Pursuant to Article 77 of Regulation (EU) 2017/745, or § 64 of the Medizinprodukterecht-Durchführungsgesetz (MPDG), the following applies:

Temporary Halt or Early Termination

If the sponsor has temporarily halted a clinical investigation or has terminated a clinical investigation early, it shall inform within 15 days the Member State in which that clinical investigation has been temporarily halted or terminated early, through the electronic system referred to in Article 73, of the temporary halt or early termination, providing a justification.

In the event that the sponsor has temporarily halted or terminated early the clinical investigation on safety grounds, it shall inform all Member States in which that clinical investigation is being conducted thereof within 24 hours.

End of a clinical investigation

The end of a clinical investigation shall be deemed to coincide with the last visit of the last subject unless another point in time for such end is set out in the clinical investigation plan.

The sponsor shall notify each Member State in which a clinical investigation was being conducted of the end of that clinical investigation in that Member State. That notification shall be made within 15 days of the end of the clinical investigation in relation to that Member State.

If an investigation is conducted in more than one Member State, the sponsor shall notify all Member States in which that clinical investigation was conducted of the end of the clinical investigation in all Member States. That notification shall be made within 15 days of that end of the clinical investigation.

Clinical Investigation Report

Irrespective of the outcome of the clinical investigation, within one year of the end of the clinical investigation or within three months of the early termination or temporary halt, the sponsor shall submit to the Member States in which a clinical investigation was conducted a clinical investigation report as referred to in Section 2.8 of Chapter I and Section 7 of Chapter III of Annex XV MDR.

The clinical investigation report shall be accompanied by a summary presented in terms that are easily understandable to the intended user. Both the report and summary shall be submitted by the sponsor by means of the electronic system referred to in Article 73 MDR.

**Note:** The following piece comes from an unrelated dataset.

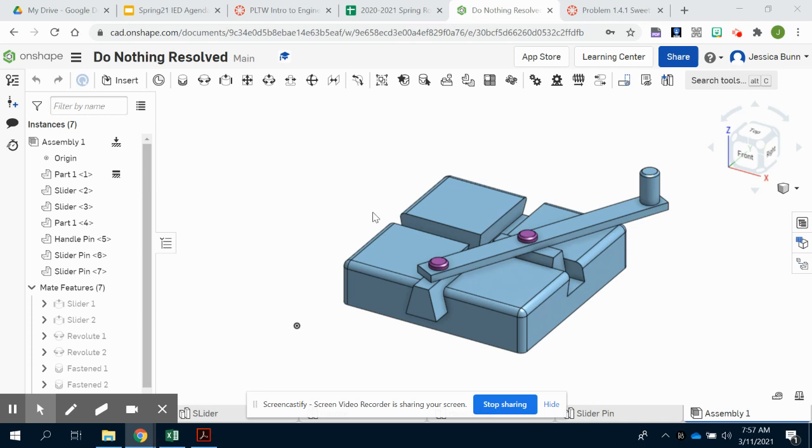Welcome back for another OnShape tutorial. Today we're working on activity 1.4, the suite improvements or your do-nothing machine and the documentation that is associated with that.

Where, for scientific reasons, it is not possible to submit the clinical investigation report within one year of the end of the investigation, it shall be submitted as soon as it is available. In such case, the clinical investigation plan referred to in Section 3 of Chapter II of Annex XV MDR shall specify when the results of the clinical investigation are going to be available, together with a justification.

Information on the required content of the final report is provided in Annex XV Chapter III No. 7 MDR as well as the standard DIN EN ISO 14155 in its current version.

Notice

As long as the electronic system mentioned in Article 73 MDR (Eudamed) cannot provide the corresponding functionality, the notifications and the report are to be communicated to the higher federal authority via the German Medical Devices Information and Database System (DMIDS).